[DATASET SECTION]
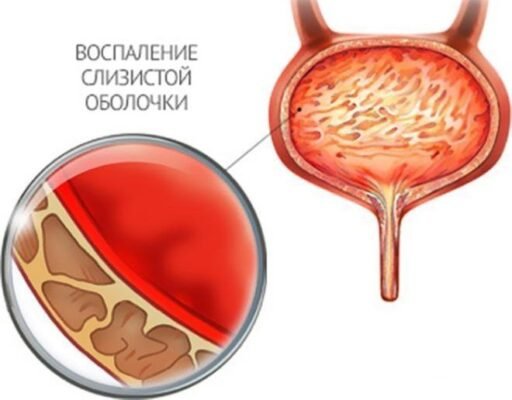Причини та лікування: мутна сеча у дитини – що варто знати батькам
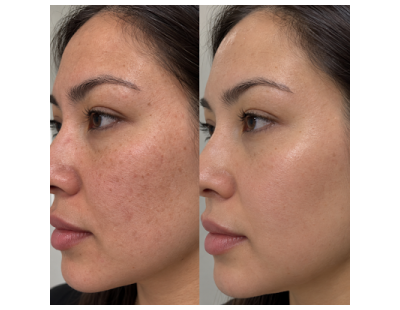 PRP Treatment in Toronto for Natural-Looking Skin Renewal
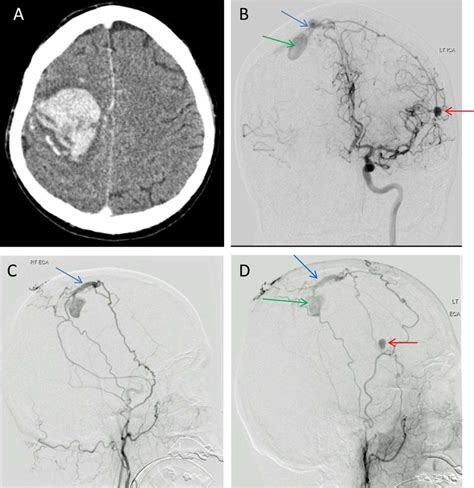 Ct Scan And Cerebral Digital Subtraction Angiography Dsa Upon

[EXERCISE OBJECTIVE]
Your answer should contain all the material above, written out exactly, and none of the pictures.

[ANSWER SECTION]
Причини та лікування: мутна сеча у дитини – що варто знати батькам
 PRP Treatment in Toronto for Natural-Looking Skin Renewal
 Ct Scan And Cerebral Digital Subtraction Angiography Dsa Upon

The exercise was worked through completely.